Римма любила все эти истории, они для нее не были легендами. Что с того, что царь Петр жил давно? А вот карета его до сих пор сохранилась, стоит в бывшем Успенском храме. Там теперь что-то вроде музея сделали. Карета красивучая! Блестит вся, как из золота! И женская в ней душа. Римма думает, что царь на такой не ездил, зазорно ему стало бы. Скорее это Екатерина в дар Городу оставила, когда из Крыма возвращалась. Карета стоит в отдельной комнате или, как старики говорят, «притворе», бархатной лентой отгороженная, – трогать ее нельзя: позолота с кареты осыпается, так «музейная» дама пояснила.

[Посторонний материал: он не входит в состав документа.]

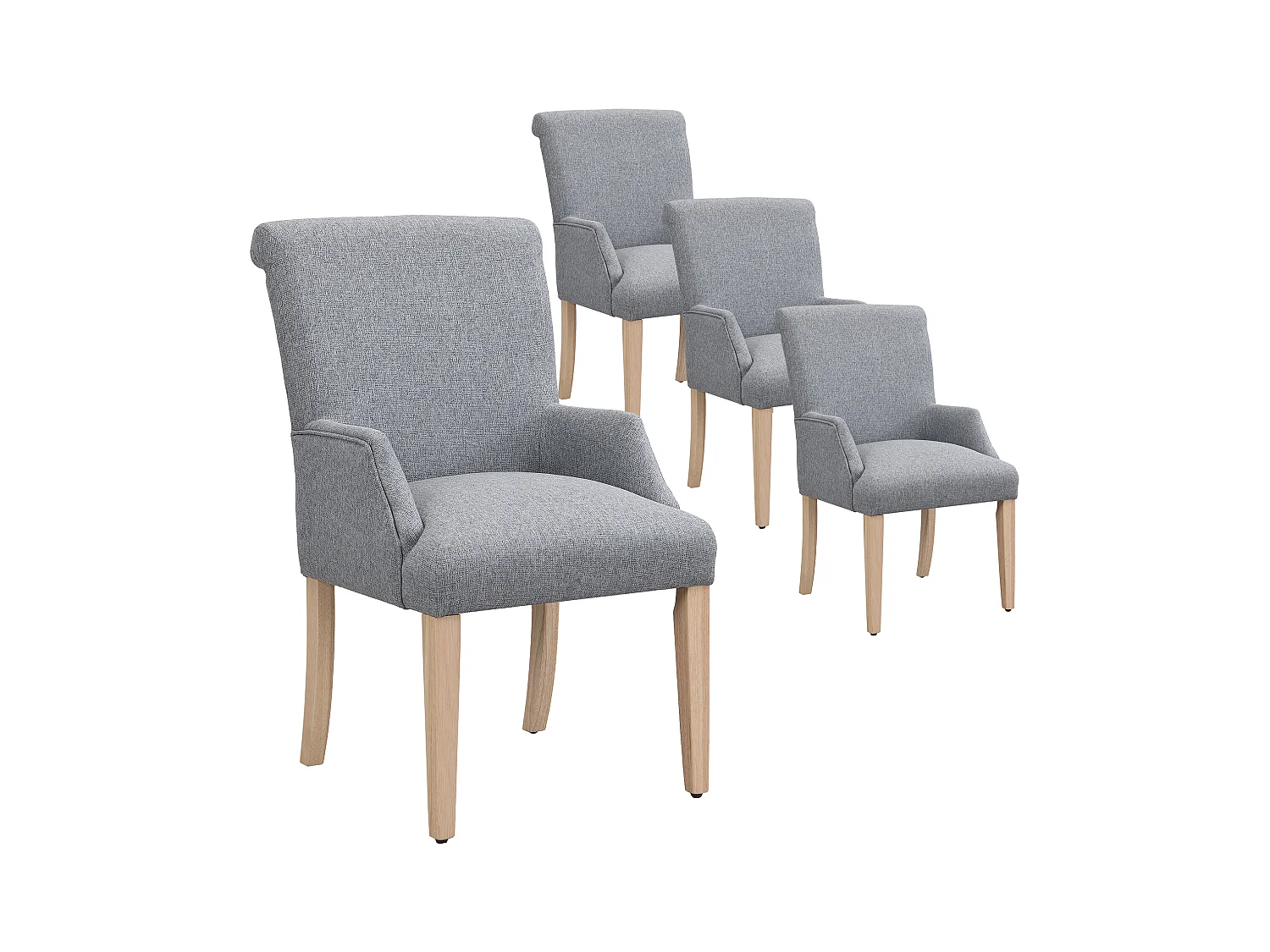 Chaise en lin gris con accoudoirs, pieds bois massiccio réglables et coussin épais pour salon ou kitchen lot de 4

В церкви той бывшей еще много чего интересного: всякие предметы старины и оружие, документы старинные, архив вроде. А еще в одном храме дворец атеизма устроили. На стенах фрески замазывать не стали, завесили их плакатами: картой звездного неба, движения Солнца и планет, эволюции животных. У основания купольного барабана по кругу висели огромные портреты Маркса, Коперника, Бруно и Галилея. Из-за их подрамников робко выглядывали потускневшие нимбы Марка, Матфея, Иоанна и Луки.

В бывших монастырях устроили общежития, в церквях – гаражи, столярки, учебные центры заводов. На весь Город одна действующая церковь осталась, но и она успела побывать швейным цехом. С началом войны верующие ее отбили у горкома, написали бумагу, что за победу будут молиться. Вон ее купол проломленный, из двора Риммы видать. В Городе мало что уцелело, церквям тоже досталось.

По небу ползло бесконечное удушливое облако. Город пылал одновременно во многих местах. Сколько с неба упало на крыши и головы огня? Снова в небе загудели моторы, от ВОГРЭС захлопали зенитки.

В соседском дворе всхлипнула гармошка – старик Громов опять взялся за нее. Вчера он весь вечер ругался с соседками:

– Брысь, бабий батальон! Не желаю в подвале хорониться, не испугает фриц меня! Поперек судьбы ему стану, не убоюсь!

Он установил посреди двора табурет, растягивая гармошку, пел похабные частушки. Мать, сидя на дне погреба, затыкала Римме уши, но она бы и так ничего не услышала: на улице все гремело от взрывов, лишь изредка доносились всхлипы гармошки.

Громыхнуло на Стрелецкой, а может, и ближе. Римма выскочила на улицу, мать уже бежала из сада, неся бидон собранной вишни. За забором раздавалась разухабистая песня:

  •                               Приходи ко мне, Митроня! Мой кобель тебя не троня!

Дальше Римма не услышала, земля задрожала под ногами. В Чижовке взметнулись горы земли, строительного мусора, заполыхали новые пожары. Затряслись Чижовские бугры, казалось, вот они обрушатся, и весь поселок сползет под уклон, потонет в речке.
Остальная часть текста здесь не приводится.